==== INFORMATION GIVEN ====
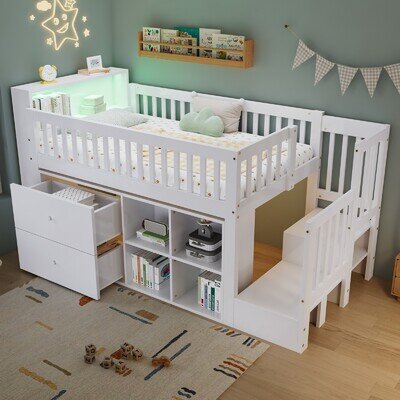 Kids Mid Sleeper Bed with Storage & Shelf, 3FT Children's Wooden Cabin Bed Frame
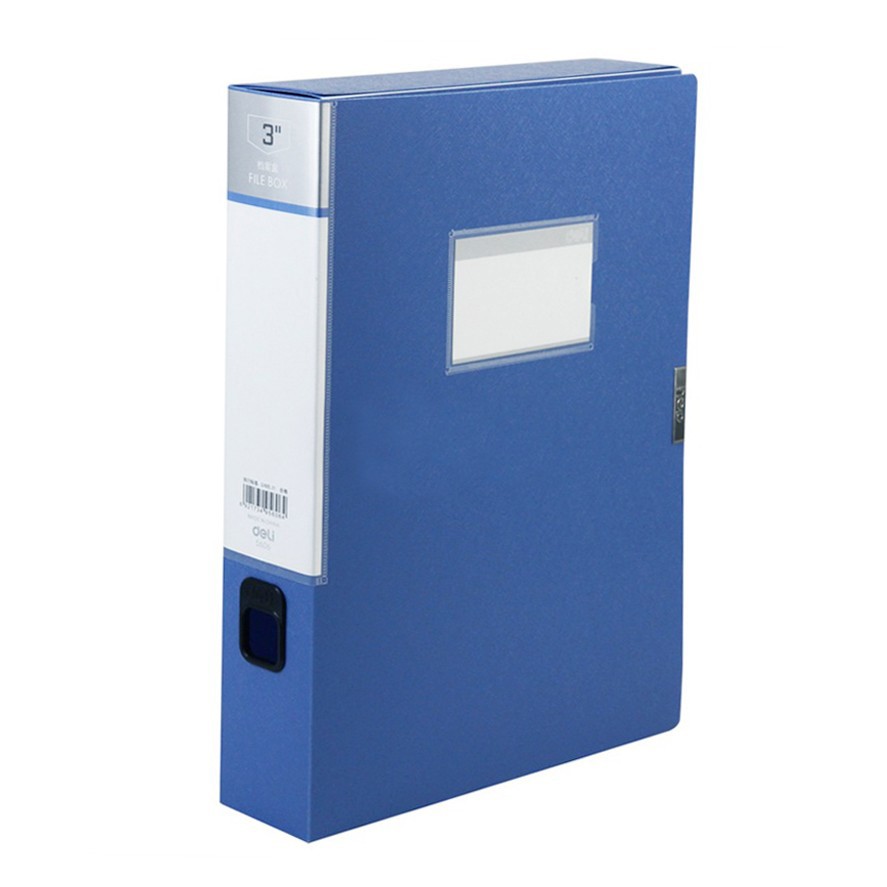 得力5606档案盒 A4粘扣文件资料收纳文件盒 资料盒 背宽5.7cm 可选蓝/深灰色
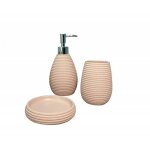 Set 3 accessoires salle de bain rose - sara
====
==== INFORMATION GIVEN ====
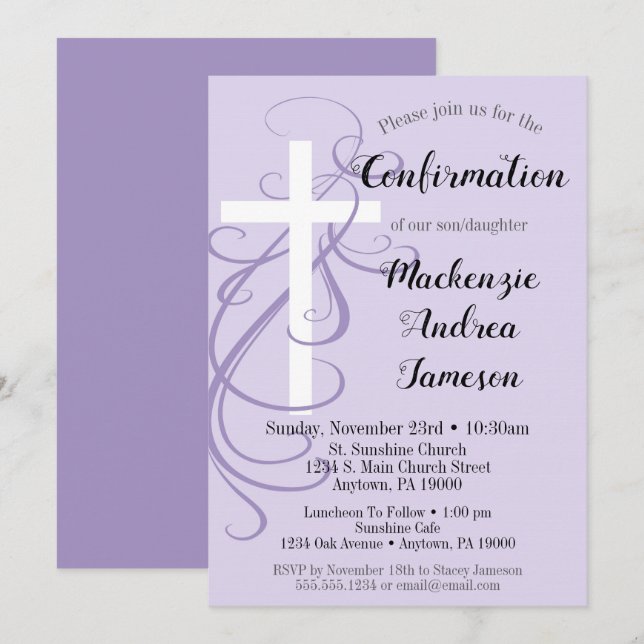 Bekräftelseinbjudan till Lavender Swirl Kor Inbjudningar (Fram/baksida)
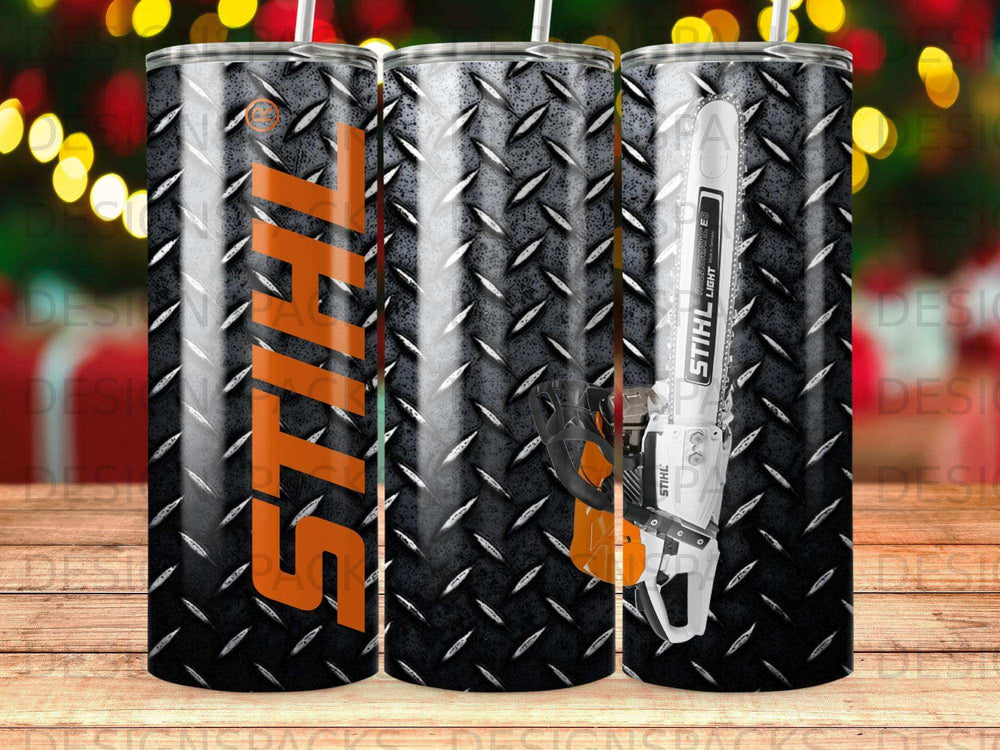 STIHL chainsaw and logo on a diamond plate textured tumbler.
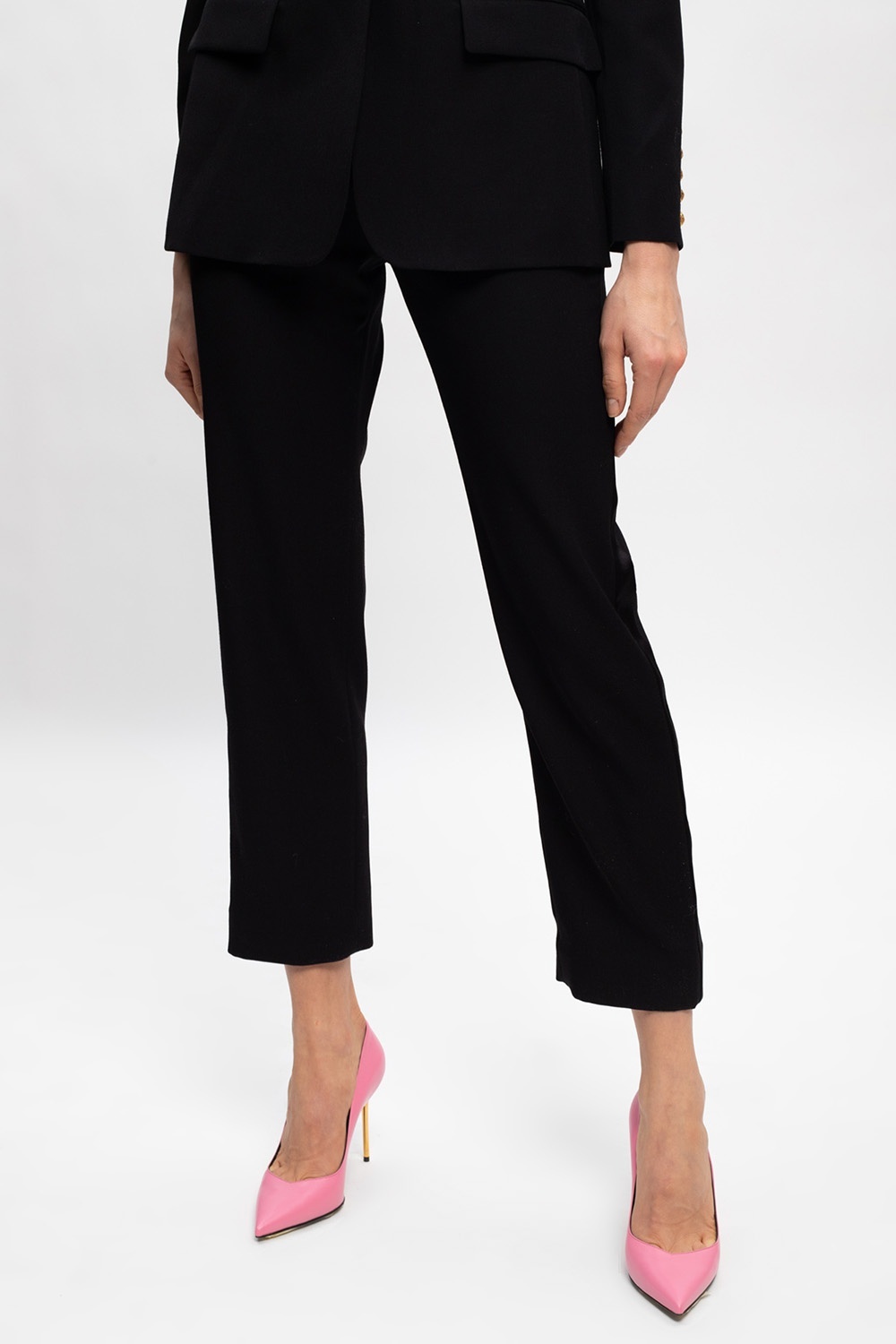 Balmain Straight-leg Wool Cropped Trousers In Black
====
What you need to produce is an exact copy of the entries above, limited to the lines from the one with "Bekräftelseinbjudan till Lavender" up to and including the one with "Balmain Straight-leg Wool", without pictures.

 Bekräftelseinbjudan till Lavender Swirl Kor Inbjudningar (Fram/baksida)
 STIHL chainsaw and logo on a diamond plate textured tumbler.
 Balmain Straight-leg Wool Cropped Trousers In Black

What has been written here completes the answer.